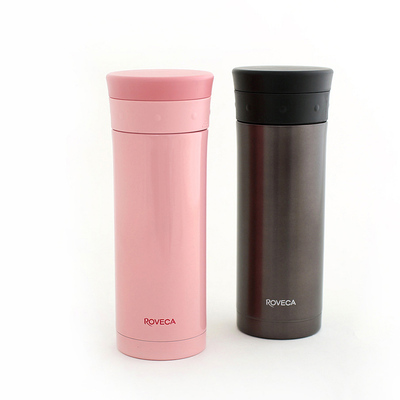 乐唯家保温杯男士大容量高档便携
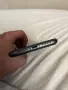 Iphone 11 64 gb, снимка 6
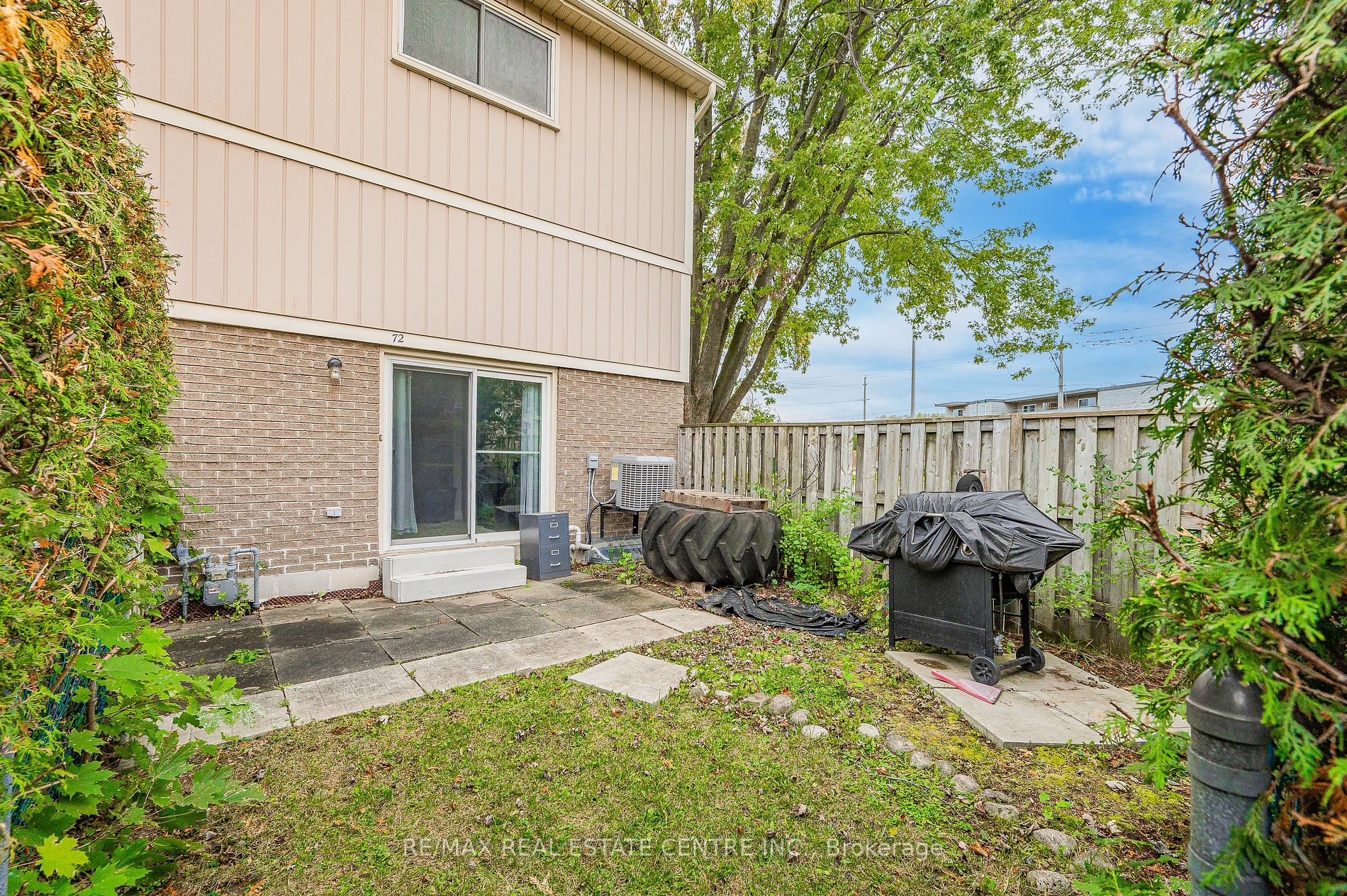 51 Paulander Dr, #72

———

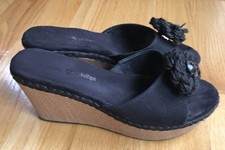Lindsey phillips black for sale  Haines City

———

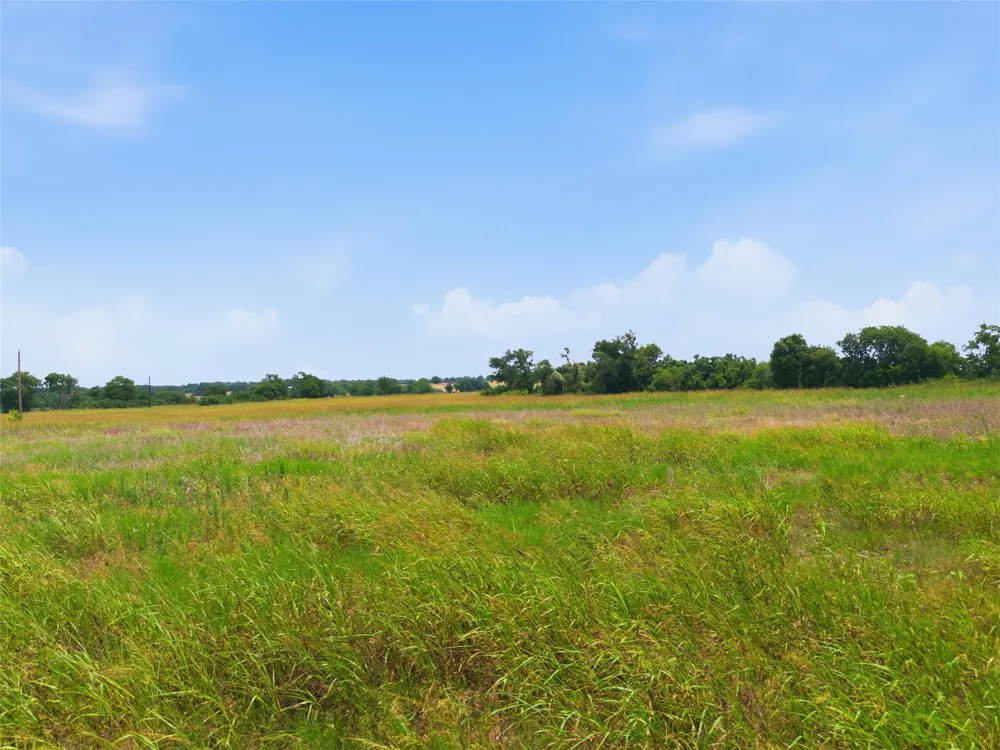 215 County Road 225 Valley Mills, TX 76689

———

What the task requires
In the records above, everything from the line with "乐唯家保温杯男士大容量高档便携" down to the line with "51 Paulander Dr, #72" must be duplicated exactly, both lines kept. Leave no pictures in.

Written answer
 乐唯家保温杯男士大容量高档便携
 Iphone 11 64 gb, снимка 6
 51 Paulander Dr, #72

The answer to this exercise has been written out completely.